Apesar de estar preocupado com o aquecimento global, os Estados Unidos de Biden têm um objetivo estratégico para readerir ao Acordo de Paris. Trata-se de tentar alcançar a liderança da União Europeia e, agora também, da China. Em setembro, o governo chinês lançou um plano ousado para zerar as emissões até 2060. E a UE espera chegar nesse ponto dez anos antes da China. O que está em jogo, portanto, não é só a temperatura na Terra, mas o poder americano em uma área determinante para a atual fase de transição capitalista.

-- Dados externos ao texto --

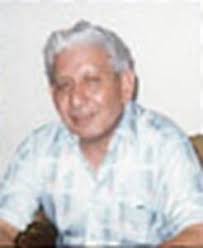 Gregorio M. Calanchi Obituary & Funeral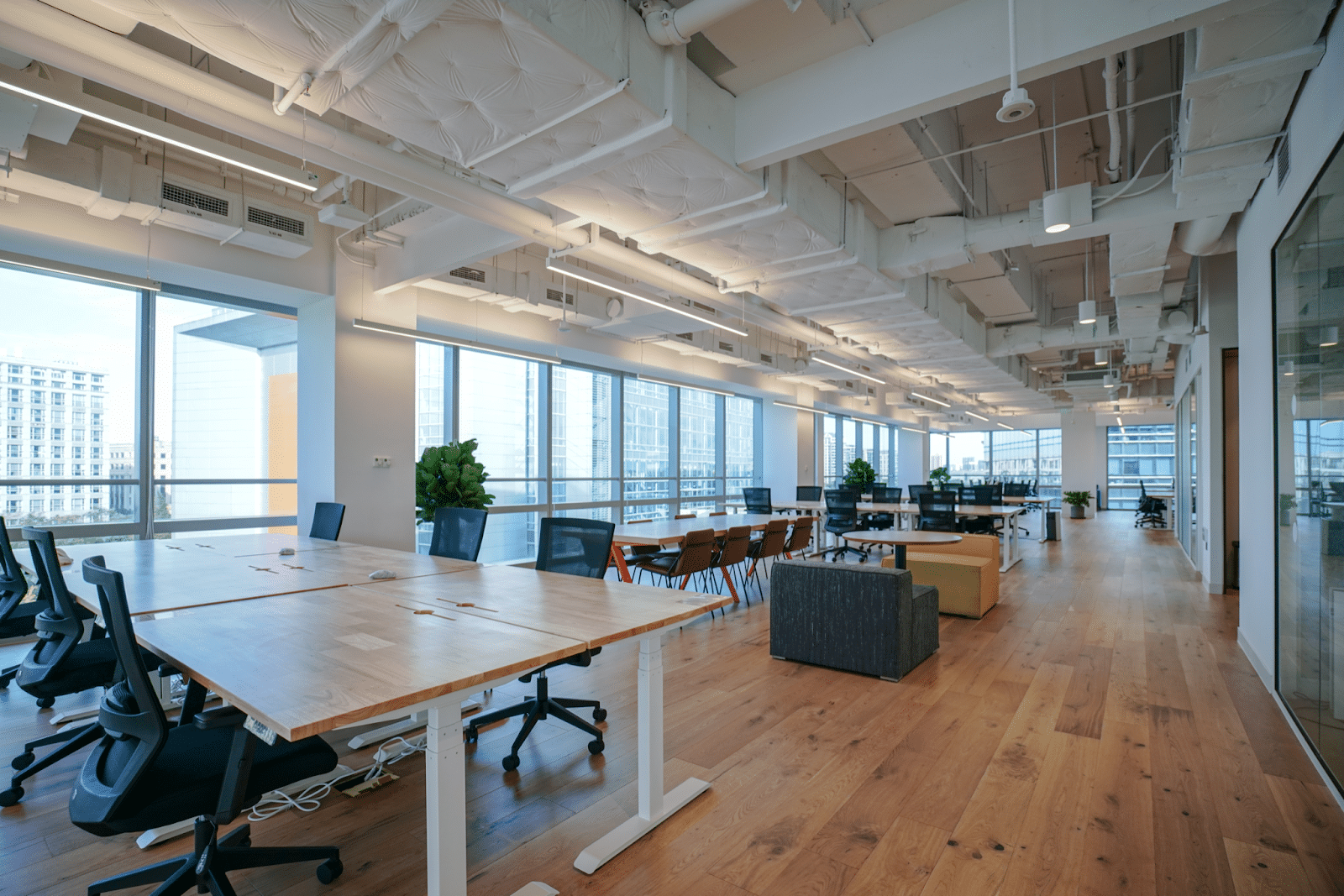 Modern Office Design The Ultimate Guide to Office Design in 2022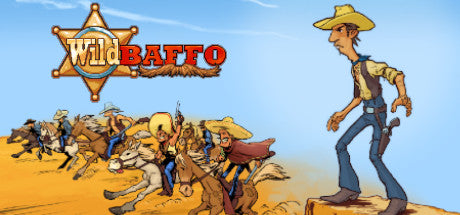 Buy Wild Baffo Steam Key Default Title Steam key – fast digital delivery | Volt Keys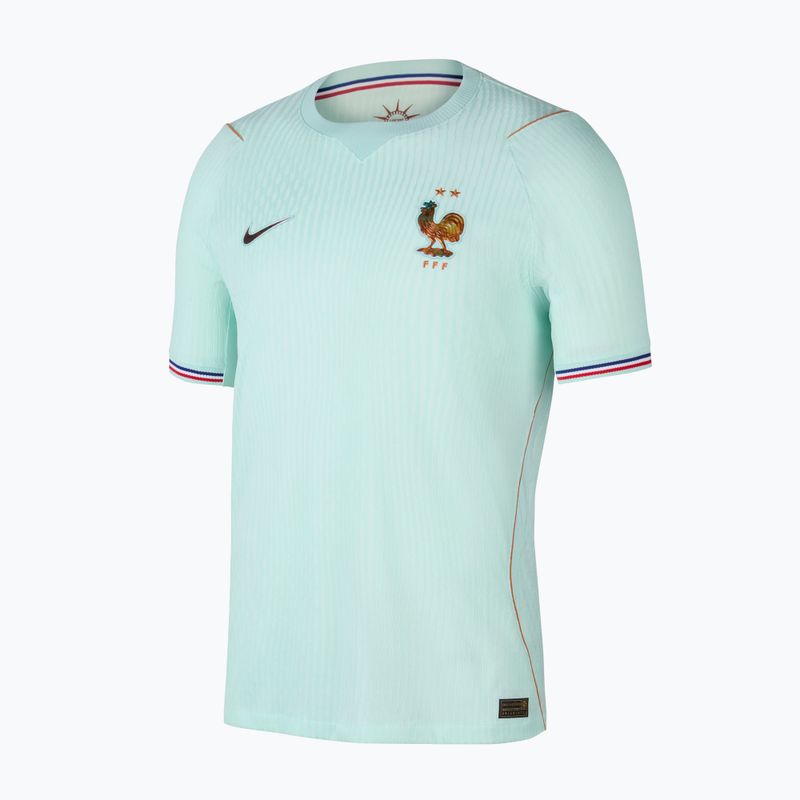 Pánské fotbalové tričko Nike FFF 2026/27 Match Away igloo/monarch/monarch 7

Incêndios perto de Bumbalong, sul da capital australiana, Camberra, 1o fev. 2020 (Crédito: Rick Rycroft/AP)
Brasil e Austrália: marginais climáticos

Outra coisa que Biden garante fazer é “identificar e expor os marginais climáticos”. Em seu programa de governo, o democrata propõe criar um Relatório Global de Mudança Climática, classificando o desempenho de cada país individualmente. Essa é uma péssima notícia para alguns aliados, como a Austrália, e para países que já entram com o pé esquerdo na relação com o novo governo, como é o caso do Brasil.

Embora seja signatária do Acordo de Paris, e a despeito da trágica queimada que a assolou no último verão, a Austrália não definiu prazos para zerar as emissões. Segundo o primeiro-ministro Scott Morrison, o país fará apenas o que for de interesse nacional. Dessa forma, o liberal entra na contramão da história e relega a Austrália à vexatória posição de único país na Organização para a Cooperação e Desenvolvimento Econômico (OCDE) a não traçar metas de nulificação das emissões.

O Brasil já foi considerado um país promissor no combate ao aquecimento global. Em 1992, hospedou a Conferência das Nações Unidas sobre o Meio Ambiente e Desenvolvimento, popularmente conhecida como Eco-92. A partir daquele momento, cresceram os esforços multilaterais no mundo para reverter a mudança climática. Entre 2005 e 2012, o país projetou sua imagem como potência climática benigna, ao fazer uma campanha para reduzir o desmatamento em até 80%. Naquele período, manteve um posicionamento proativo nas negociações internacionais para o clima, sabendo equilibrar a necessidade de agir com a de distribuir responsabilidades entre as economias centrais e as demais. Atuando nas duas pontas, o Brasil ganhou respeito nos fóruns internacionais.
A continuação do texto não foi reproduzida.